Go forth and pick a path. Maybe blog about it for others to learn from
your experience?

···

On Sun, Aug 31, 2014 at 6:04 PM, Mitsutoshi Aoe <maoe@foldr.in> wrote:

Having local clusters in A and B makes sense.

Regarding the negative check dependencies, yes, I have to admit
that they are confusing.

I'd like to accomplish two things here:

1) No alert floods in case of a sensu server or VPN failure
2) Highly available monitoring for C and D which is robust even if
a sensu server or a VPN link is down

The fixed topology like { C => A, D => B } is sufficient for 1 but
that doesn't help the item 2 because if the A<->C link is down
we can't tell if the servers in C are working fine.

I'm now thinking it might be possible to imitate what the ec2_node
handler in sensu-community-plugins does instead of the negative
check dependencies. For simplicity, we'll focus on C => A here.

* Set up a load balancer in C
    - We can use LVS for example
    - The real servers are the RabbitMQ instances in A and B
    - The scheduling algorithm should probably be sh (source hash)
    - We can set up two balancers with VRRP for availability
* All clients in C post the results to the virtual IP provided by the load
  balancers.
* If the A-C link is down, LVS removes the RabbitMQ instances in A
  from the list of real servers. Therefore all results from C will goes to
  the RabbitMQ in B.
* After keepalive threshold time has passed, the sensu server in A
  realizes it hasn't received anything from the servers in C, then it runs
  keepalive handlers.

I think we could make a new handler for the last step. The handler
searches for the stale client in the sensu server in *B* through sensu
API. If the client exists in the sensu server in B, it removes the client
from the sensu server in A. Otherwise it's actually outage.
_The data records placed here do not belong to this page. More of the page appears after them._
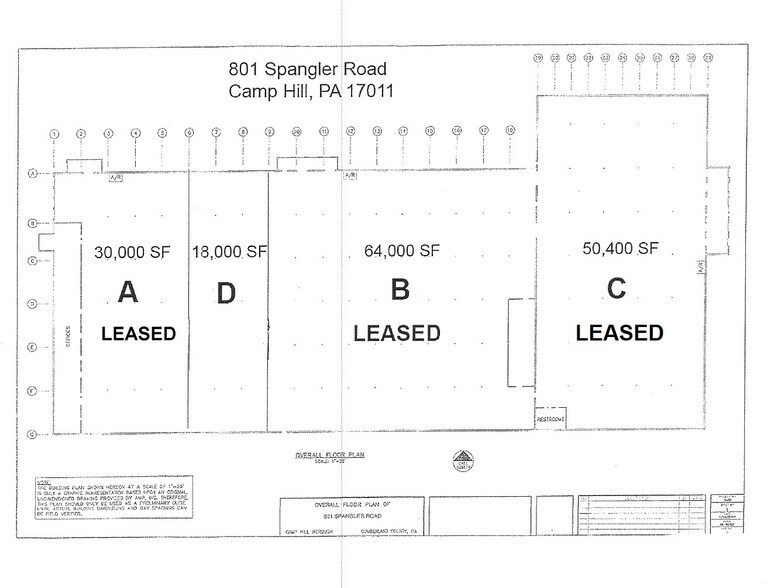More Photos Of 801 Spangler Rd, Camp Hill Manufacturing For Lease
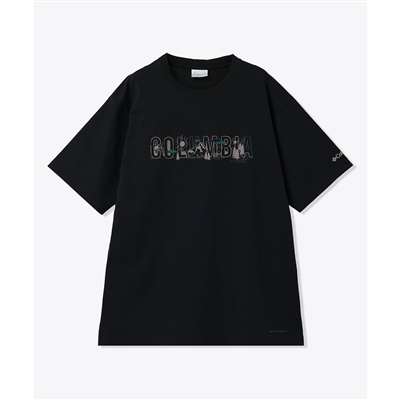 Black　Front Print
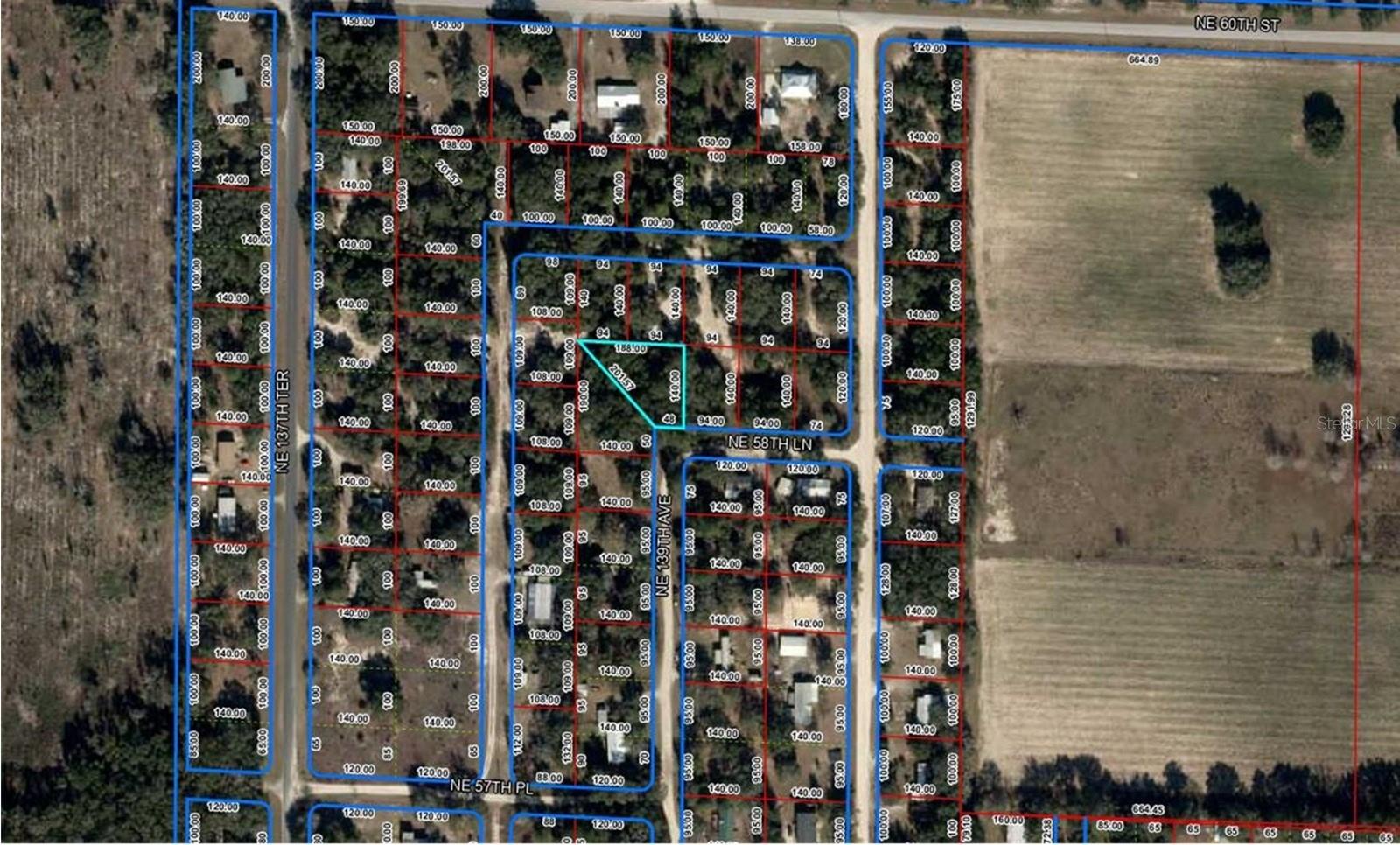 Lot 10 NE 58TH LN, WILLISTON, FL, 32696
The sensu
server in A sends an alert.

This might sound complicated but the implementation shouldn't be
that difficult. It would be great if sensu-client could have a list of
RabbitMQ addresses and try next one automatically if failed.
This way we wouldn't need to set up the load balancers at all.

What do you think?

Thanks,

2014年8月30日土曜日 0時01分57秒 UTC+9 Kyle Anderson:

I still recommend local sensu clusters in A and B (I recommend
building for 3 in a quorum) so that no one sensu server makes an
outage.

I think the negative check dependency is.. a strange artifact and will
lead to confusion. I would KISS.

You can still achieve what you want by having a simple topology (c=>a,
d=>b, single registration) but just have A and B just ping the vpn
endpoints of C and D. (and make D a dependency of C's ping, so you
only get one alert)
But having C and D clients register with A and B as a cluster will be
pain. Any network instability will lead to massive split brains.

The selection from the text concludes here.